YOUR TASK - Pictures aside, please retype the whole listing word for word.

RECORDED DATA -
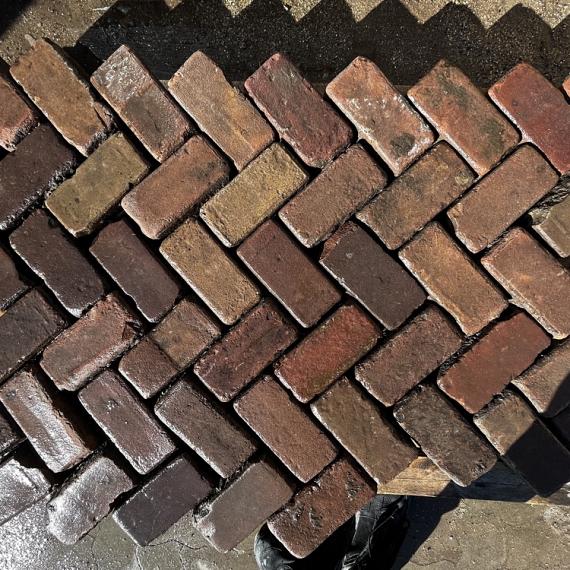 Oud gebakken keiformaten Tiel (op pallets)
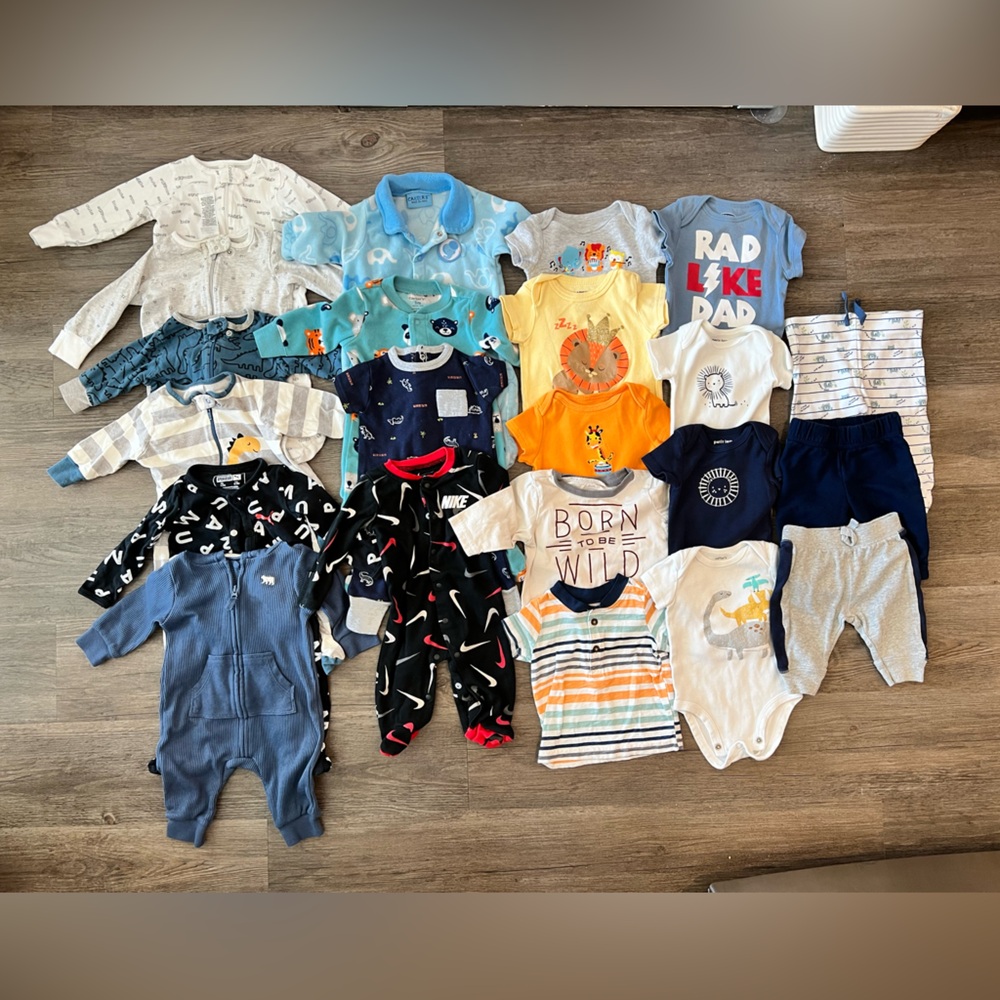 22 Piece Baby Clothing Lot 0-3 Month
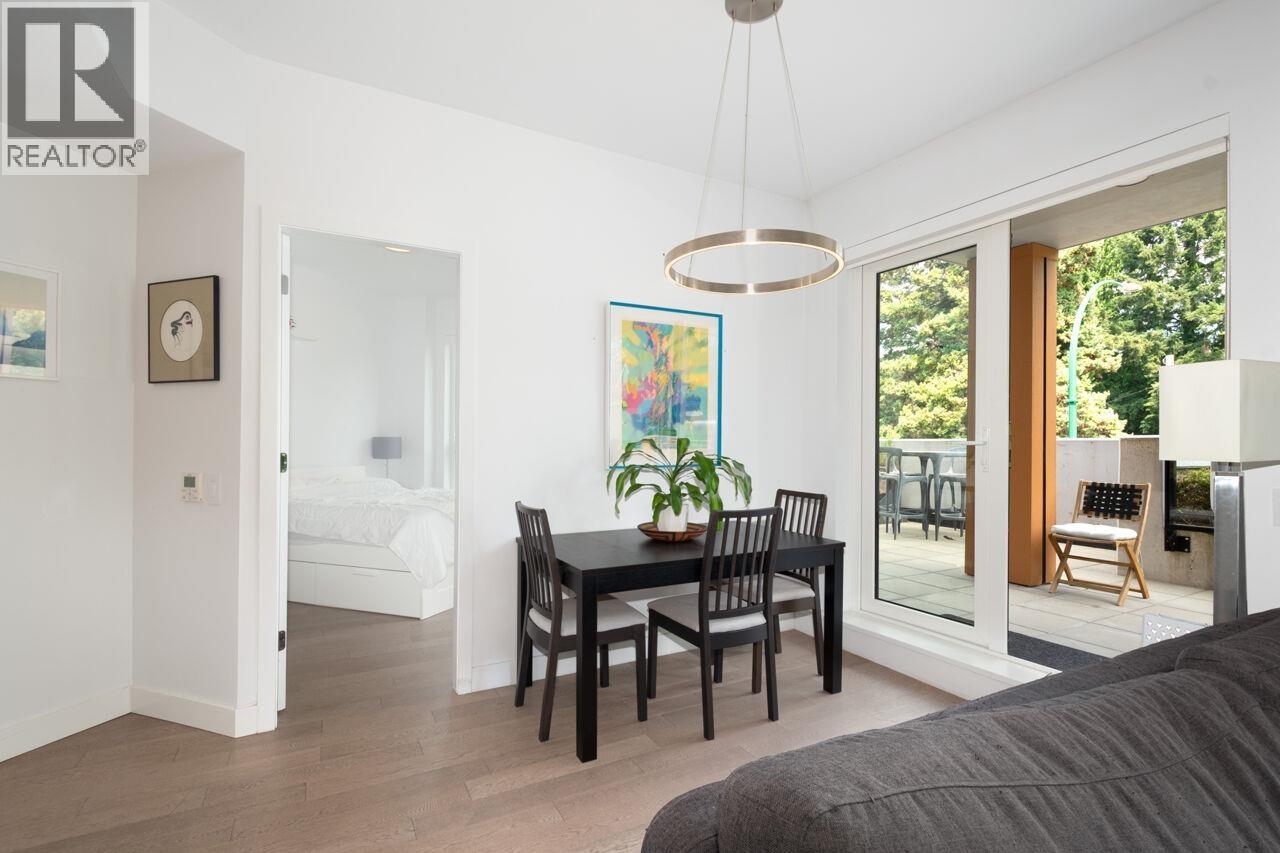 217 3220 CONNAUGHT CRESCENT, North Vancouver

TASK RESULT -
 Oud gebakken keiformaten Tiel (op pallets)
 22 Piece Baby Clothing Lot 0-3 Month
 217 3220 CONNAUGHT CRESCENT, North Vancouver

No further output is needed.